The nation’s inflation rate for December 2015 is expected to nudge further to 9.5 per cent, the highest level since February 2013, analysts at Financial Derivatives Company Limited have said.

The inflation rate for November stood at 9.4 per cent, up from 9.3 per cent in October, according to the National Bureau of Statistics.

In its latest Economic Bulletin entitled ‘The Spectre of High Inflation Haunts Nigeria,’ the FDC said it was projecting a headline inflation of 9.5 per cent for December 2015, adding that this would rank Nigeria as the country with the 12th highest inflation rate in Africa.

The FDC economic team said, “The 0.1 per cent increase estimated in the consumer price index is consistent with the moderate uptick recorded between November and December in both 2013 and 2014.

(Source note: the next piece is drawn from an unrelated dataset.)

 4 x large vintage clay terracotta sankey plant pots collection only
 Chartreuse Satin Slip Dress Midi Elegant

“It will be the highest level since February 2013. Inflation rate increased nine times out of the 12 months in 2015. Is this rising inflationary trend transient or structural? Though the inflation rate may not be totally transient, a consistent but transient trend becomes self-fulfilling over time.”

According to the analysts, the major factors contributing towards the rising price level in 2015 are cost-push in nature. These factors include exchange rate pressure, intermittent fuel scarcity, policy uncertainty and trade restrictions.

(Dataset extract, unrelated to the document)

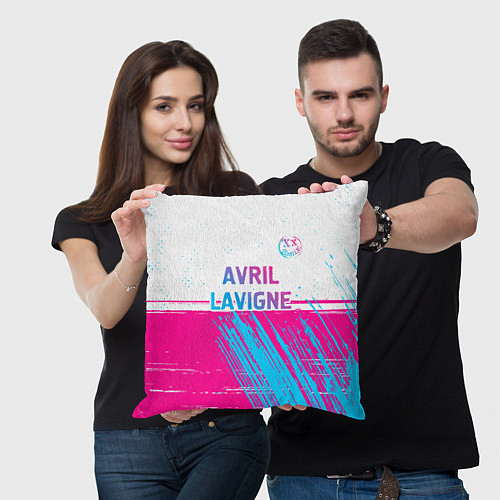 Подушка квадратная Avril Lavigne neon gradient style посередине / 3D-принт – фото 3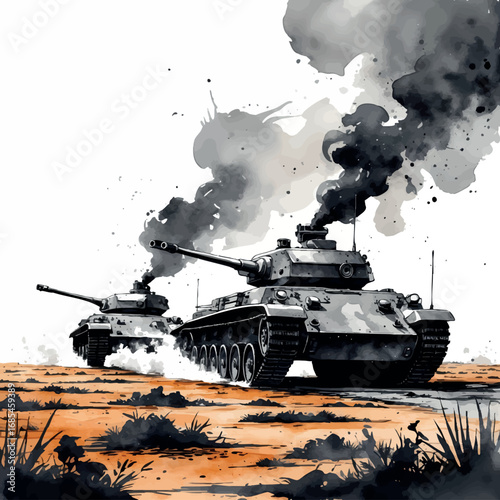 Watercolor vector tanks in battle – military armored vehicles in active war zone, isolated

“In December, the naira depreciated significantly in the parallel market to an all-time low of N280/$, further compounding shortages of imported products. Increased demand due to seasonal festivities resulted in higher food prices.

“Furthermore, the fuel scarcity that spilled over from November led to a spike in transport fares. The full effect of the cost-push factors has been muted by the decrease in money supply growth (annualised) of -5 per cent and a reduction in the price of diesel to N107.

On inflation outlook for 2016, the analysts said with government spending expected to increase in January/February, money supply would also expand, adding that consumption pattern in January would most likely be driven by market anticipation.

“Inflation expectations in the first quarter will be a function of disbursement by the Federal Government and states for the 2016 budget outlay; the fiscal bail out for the states; expectation of social intervention of feeding and school programmes; impact of the increase in electricity tariffs by an average of N12kwH, and fuel subsidy removal.”

The analysts said these factors may result in a marginal but significant increase in inflation in the first quarter, with year-end inflation rate inching towards a level of 11 to 12 per cent.

“The good news is that the price inflation range of 20 per cent (11-9.5) will be lower than the GDP growth range of 40 per cent (4-2.8). In other words, output growth will be higher than consumer price increases. As the CPI is much slower than the rate of growth in GDP, inflation will bottom out and decline in the long term.”

Noting that money market rates were already at an all-time low, the FDC economic team said, “We expect to see a creeping up of rates as the level of government borrowing increases.”